There is this idea that as we work on ourselves, work to become blessed, enlightened, closer my God(dess) to Thee, we become better people. We correct ourselves to become pure beings of light.

This is obviously a one-sided, zero-sum idea. It is born from the idea that is Us vs. Them, Good vs. Evil, Light vs. Dark. Aristotelian dichotomy fed through Manicheism that somehow went from a proclaimed heresy to current Protestant orthodoxy.

This essays in the book discuss, from various points of view, the dark shadowy parts of our nature, from the deeply personal to our issues as a nation.

I’ve read this once so far, sitting serving on a Grand Jury during the government shutdown. I wasn’t that impressed at the time but the concept has kept with me. Sure, it is in part because we are watching America simultaneously confront and celebrate its Shadow self. Watching grown men punch teenagers in the face for asking that they wear a mask, racist vigilantes condoned on network television, children dying in cages, and large aspects of our democracy dismantled.

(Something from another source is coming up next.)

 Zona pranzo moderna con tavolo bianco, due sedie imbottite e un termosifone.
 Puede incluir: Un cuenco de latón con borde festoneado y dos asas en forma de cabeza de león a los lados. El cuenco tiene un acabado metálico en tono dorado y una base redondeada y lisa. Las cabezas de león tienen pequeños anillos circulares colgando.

It will be a while before I can come back to this book objectively, if ever, through no fault of its own.

Under the Green Star DAW #30

Burroughsian. I tend to use the term for two different currents of thought. Here we mean it for Edgar Rice, and not William S.

Lin Carter was a huge fan of Burroughsian heroic adventure. There are countless imitators of ERB. Lin Carter, at his best, can be judged against the master.

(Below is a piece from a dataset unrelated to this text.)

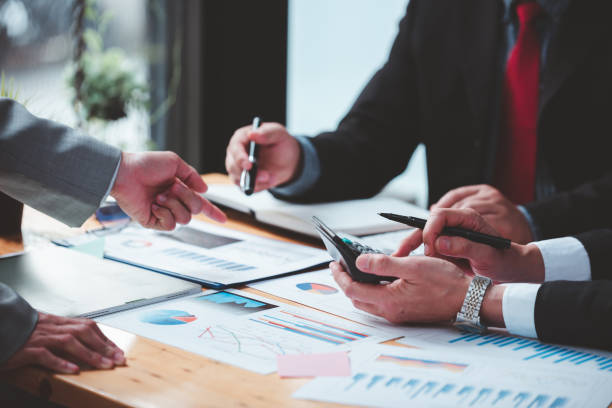 istock Businessmen meeting together, thinking, analyzing projects at the office. 1365567740
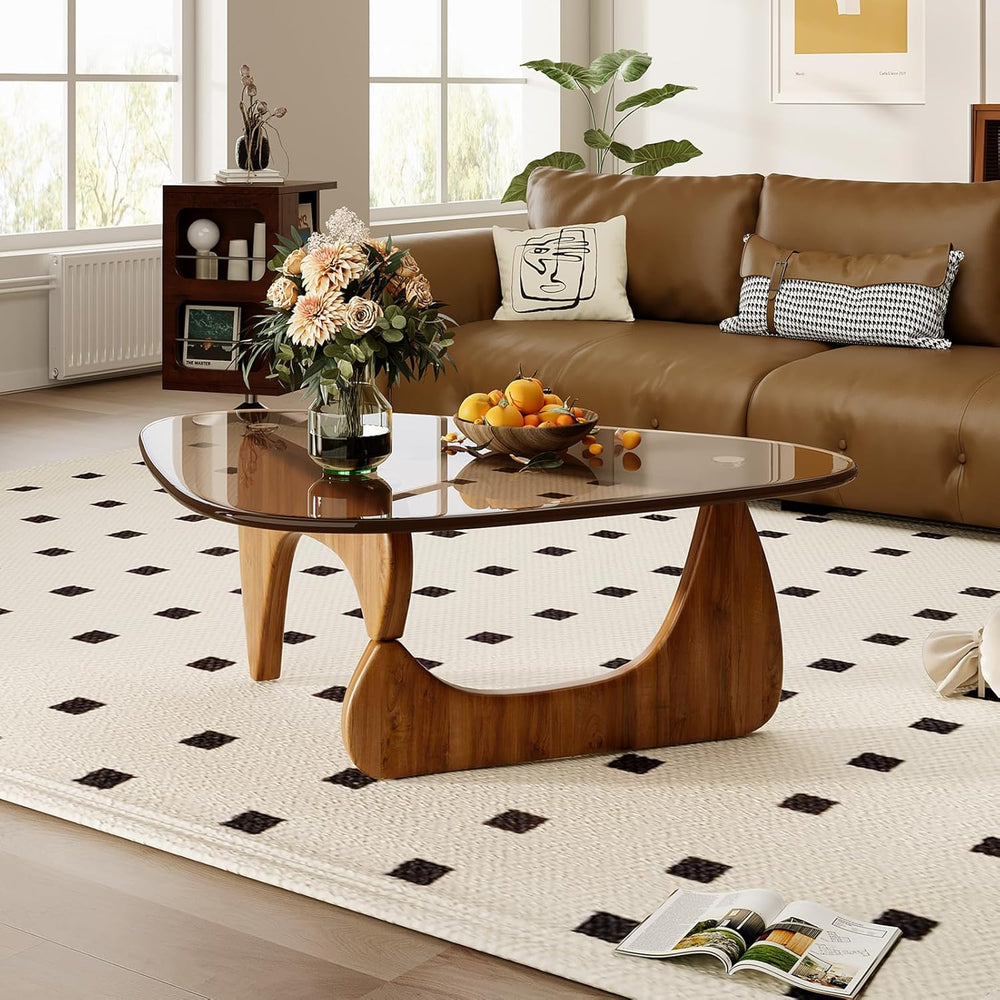 Living room with a brown sofa, wooden coffee table, and decorative items.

The premise is simple. Our crippled yet wealthy protagonist learns soul-casting or astral travel from Eckanar and an ancient Tibetan tome.

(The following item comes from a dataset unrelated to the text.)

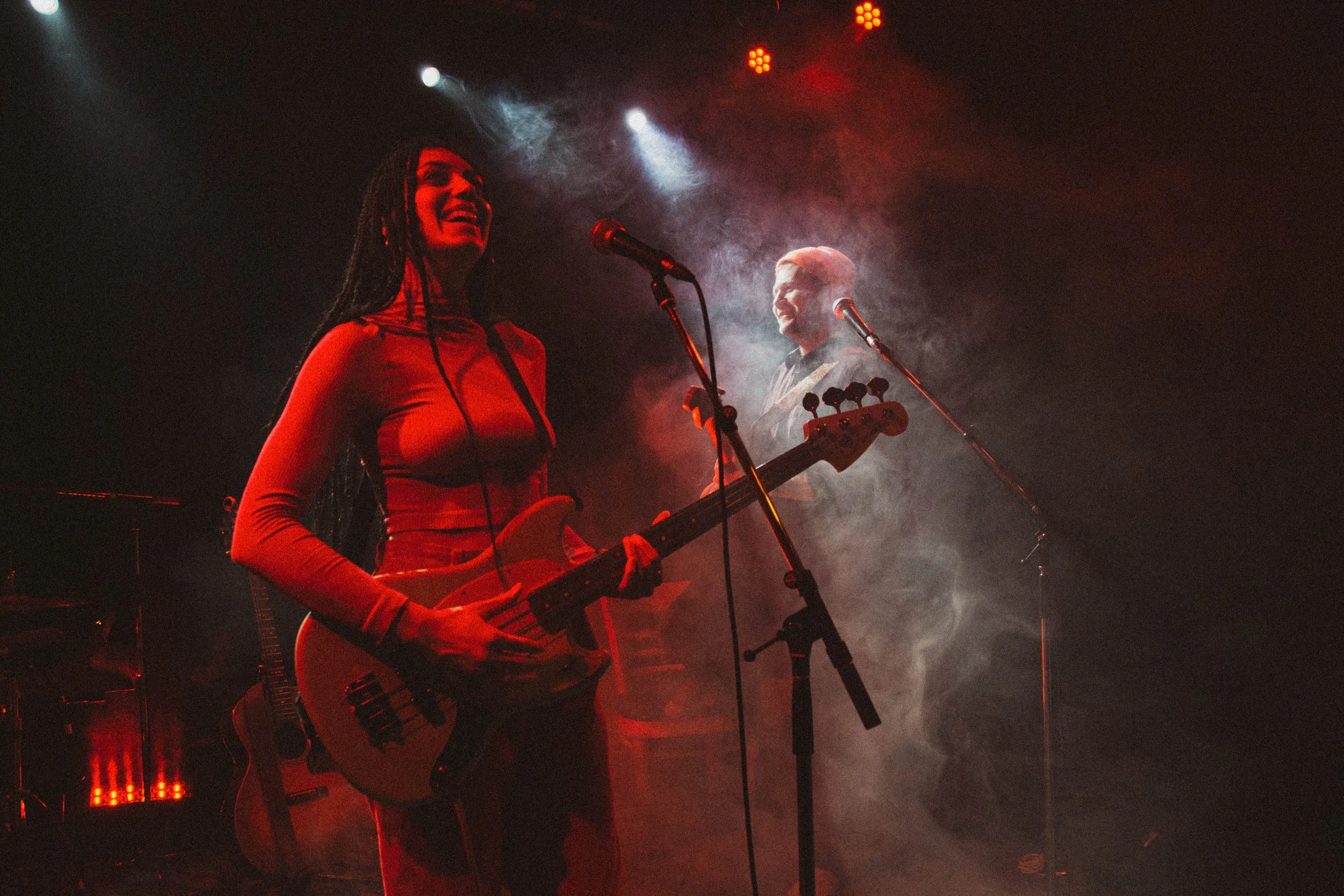 Deux musiciens jouent sur scène avec des microphones, sous des lumières rouges et blanches, entourés de fumée.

Let’s clear up the term Eckanar. This is a New-Age religion founded in 1965 by Paul Twitchell. The religion does teach that the Soul, or True Self, is able to separate from the body and travel across planes of existence in order to reach and conjoin with G*d. The term itself, according to the church, is to be translated Co-worker with G*d, which is the stated aim of their spiritual practice. It is not necessarily a “science of soul-travel”, as I’ve seen in many reviews and blurbs about this book. Another example of sloppy scholarship gaining a life of its own.

Lin Carter wasn’t the best writer, his quality varies. This sword-and-planet novel has thick, flowery prose, which I enjoy but is certainly not to universal taste. My next read of this I will pick out all the fun vocabulary words to share.

There are heroic ‘elven-esque’ warriors, fierce giant sized monsters, a shifty adversary, and stunningly beautiful women. One of these women is a strong bandit queen, another … well this is where it gets a bit problematic.

The love interest is a 14 year old princess. “She was young, a girl, a mere child: she looked perhaps fourteen when I saw her first in the Great Hall of Phaolon.” Later, Lin skirts around the age issue, pontificating on how the Green Star society doesn’t measure time like we do and not actually coming out and stating the princess’s age. She is very definitely described to look like a young adolescent. The word ‘lithe’ is thrown around a lot.

This pretty much ruined the re-read for me. My exploration into an inner bibliography has let me re-examine so many of the tropes that shaped me and all these ‘lithe’ love interests and ‘swarthy shifty’ bad guys are indicative on why ridding myself of this type of thinking is an on-going struggle.

All said and done, this a great example of the flawed (E.R.) Burroughsian tradition, warts and all.